Advice to Software Sales Managers from the CEO of SAP America

By Geoffrey James

Bill McDermott, CEO of SAP America, recently shared his experience as a top sales manager at the Selling Power Sales Leadership Conference in San Francisco. Here’s some of what he had to say:

"Sales managers should be intolerant when it comes to sales reps who can’t perform. If a rep doesn’t figure out how to sell a product or service in 12 months, that rep is never going to figure it out. It’s a mistake to try to get people to become sales professionals when they’re not cut out for this kind of work.

"Sales managers make a big mistake when they push sales professionals to perform non-sales functions. Most sales reps aren’t ever going to be great mathematicians or great proposal writers. You should build an infrastructure around them so that they don’t have to do things that other people can do better.

"Thinking globally and acting locally is a foolish strategy. In the software business, you need to think globally and act globally. Everyone wants to grow so in this business you need to speak to the CEO’s vision for growth. Remember, though, if the CFO or CIO can’t meet the vision because of an outdated legacy system, the company gets stuck in quicksand and can’t grow. So the software must ultimately close the execution gap between the CEO’s vision and the CIO’s ability to deliver.

"You can’t succeed in this business without listening to customers. Not talking to them–listening to them. I learn something that makes me better and smarter every time I have a conversation with a customer.

"Sales reps that bring in major business deserve to make more money than sales management. The purpose of sales management is to enable the sales reps to succeed big. It’s primarily a service function. If you want high performance, you need to reward high performance.

"CIOs need technical architects that can build blueprints that make sense and will be usable going forward. Even great software sales reps can’t do this alone. Every account needs a relationship plan that’s part of a strategic account management process. The salesperson functions as the quarterback, coordinating the team on the field.

"Being a sales manager is difficult. You have to continually build the team, a process that is like a race with no finish line. You need to know the customer completely and understand the customer’s business. Finally, you have to always know what your numbers are. It’s not easy to constantly juggle personnel, customers, and results.

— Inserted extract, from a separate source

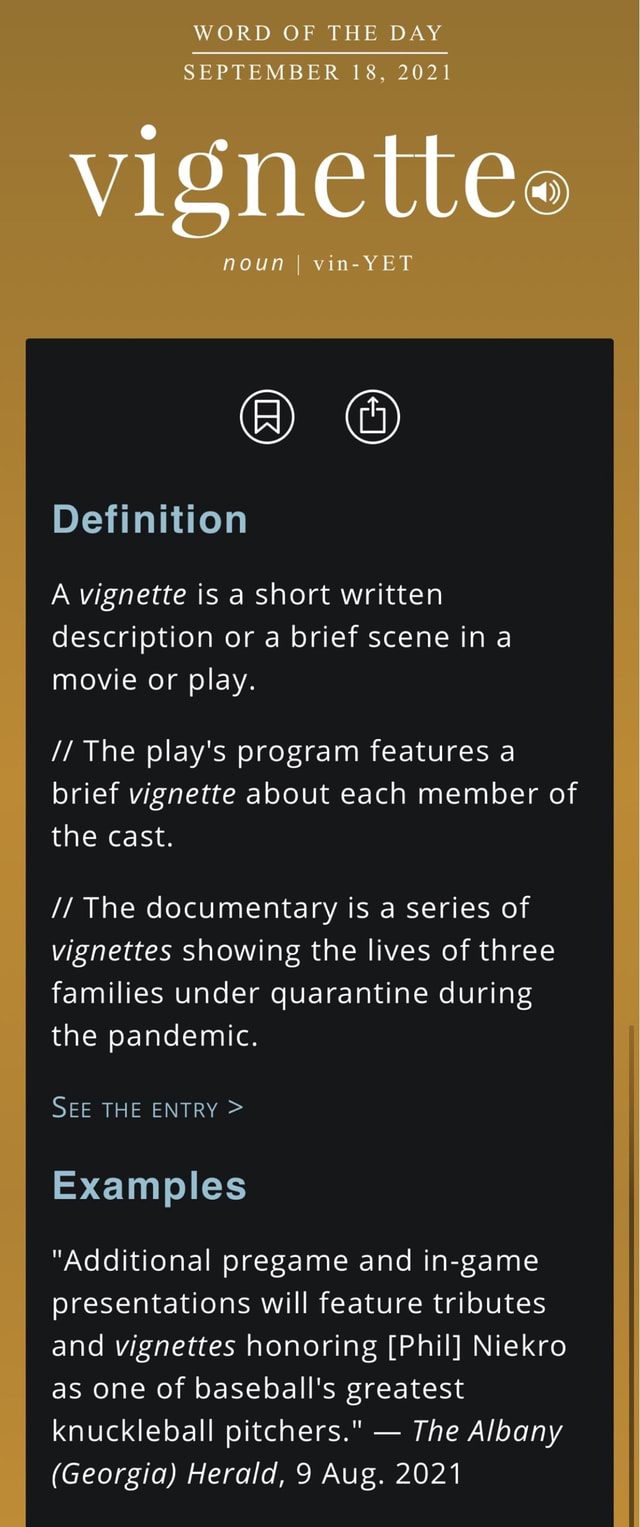 word-of-the-day-september-18-2021-vignettes-noun-i-vin-yet-definition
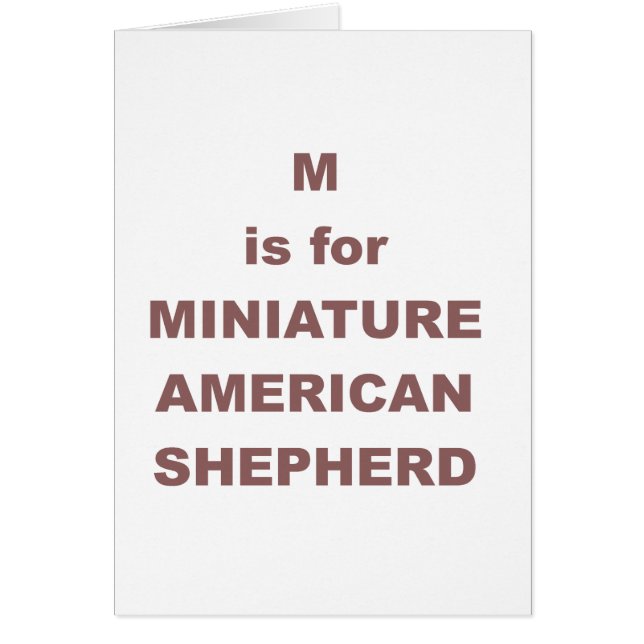 mini am aussie.png (Front)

"Cultures make and break companies. Some companies are only motivated by fear and greed. In those cultures people make money but are seldom happy with their jobs. At the end of the day you need to be able to ask yourself — do I truly believe in my company or am I just a pawn in somebody else’s game? Am I really doing what I want to do? Ideally you want everyone thinking: what do we want to be like when we grow up?

"Being a sales manager means building new strategies all the time. When you’ve succeeded for six months, give all your secrets to your worst performer and send him to work for the competition, because that’s the old strategy that won’t work any more."